I was recently at a conference and the amount of email I got from vendors was ridiculous — if you printed and stacked up all of the emails, they’d be taller than my nine-year-old son. And he towers above most of his classmates.

Time for Email Marketing to Grow Up

Also disturbing? The emails themselves sounded so high school: “Ahava, why don’t you get back to us?” “Ahava, did you get my last email?” and my personal favorite, “Obviously I don’t want to waste your time.”

If you didn’t want to waste my time, why have you sent me 10 emails about your product in the past two weeks? If I haven’t responded yet, chances are I’m not all a-flutter to get closer to you.
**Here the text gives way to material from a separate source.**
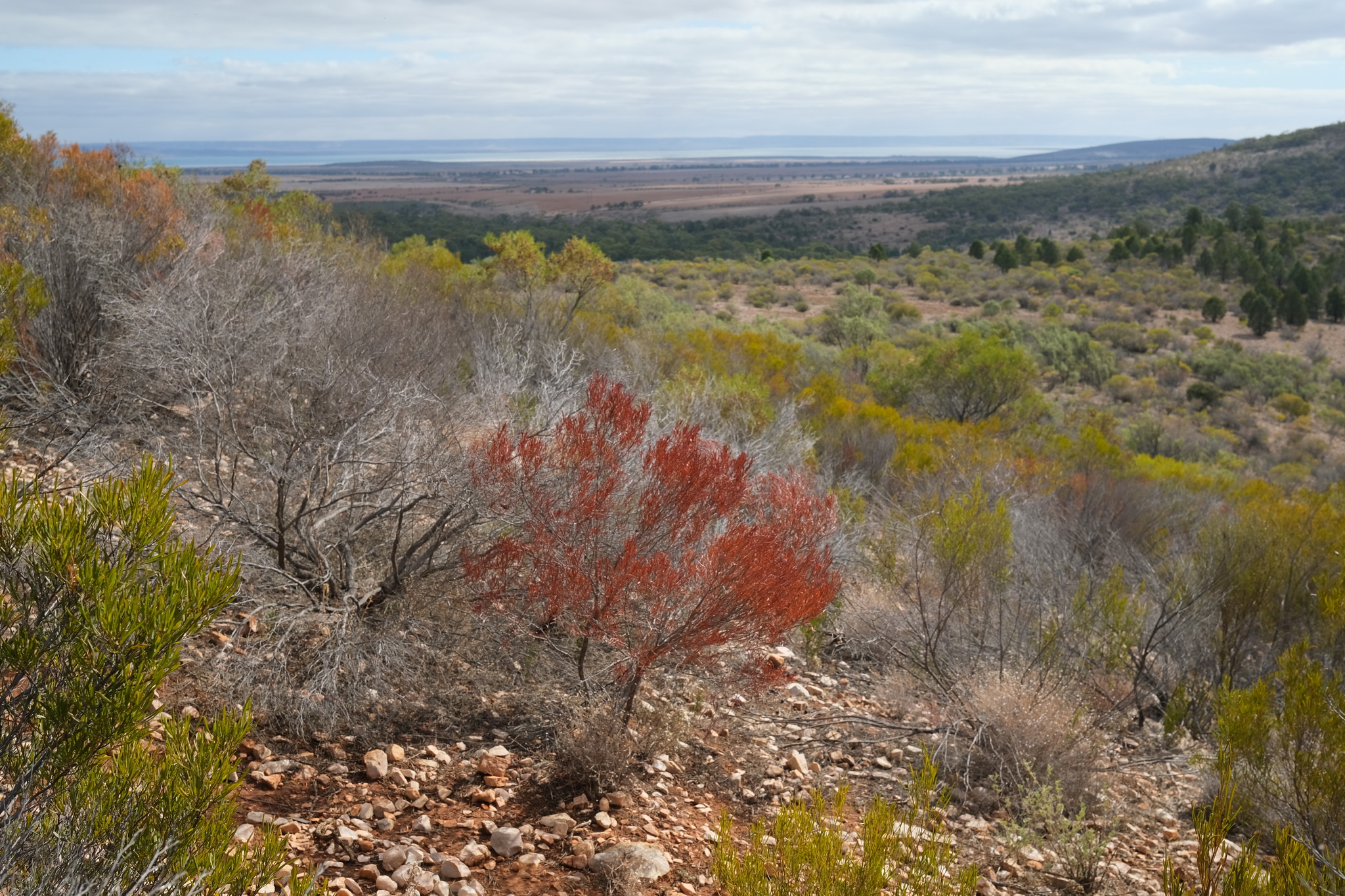 y2021m05d16_crystal_brook_workshop_15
I get it. I’m a marketer. We’re in a more competitive marketplace than the waiting line for America’s Got Talent. But … we’re abusing our lists and our recipients are becoming exhausted. So tired that those precious prospects are hitting delete before they even read the beloved subject line you slaved over for three days with nine different authors at your company.

3 Steps to a Smarter Email

So what’s a smart marketer to do? With marketing automation and segmented lists and the continual demands of ROI? (Why that phrase doesn’t have four letters eludes me.)

1. Clean Up

Look at your lists carefully. Who are you sending to? Consider cleaning your lists. If someone hasn’t opened your email in a year (or two years, or whatever your sales cycle looks like), chances are you’re a forgotten sweater at the back of their closet.

If you take people off your list, you’ll have a cleaner list that’s easier to segment. What are the chances someone is going to open an email if they never have before? I don’t gamble, but even I can figure out those odds.

Learning Opportunities

2. Resist Hitting Send

Ask yourself three important questions before you hit send:

  1. Do I have a targeted message?
  2. Am I adding value?
  3. Do I understand this prospect’s needs better than my own at this moment?

If you can’t say yes to all of those questions, then DO NOT hit send. Are you going to get it right every time? Nope. (Secret: No one does.) But if you show more restraint, you may give your audience some space to get curious.

3. Revisit Your Goals

More questions to ask yourself:

  1. What are you trying to accomplish with email?
  2. Is it well-documented?
  3. Is it as translucent as my windshield after a car wash?
  4. Can you state it easily in two to three bullets?

If not, you need to revisit your email goals. (Don’t say strategy. I’m starting to think that should also be a four letter word.)

And one other thing — if people want to unsubscribe, make it easy for them. Don’t make them enter their email address and select which newsletters they don’t want. Nothing says poor user experience more than making it hard for people to unsubscribe.

So, fellow fabulous marketers, the future is in our hands. Stop abusing your lists. You’ll be a better marketer — and a better person — for it.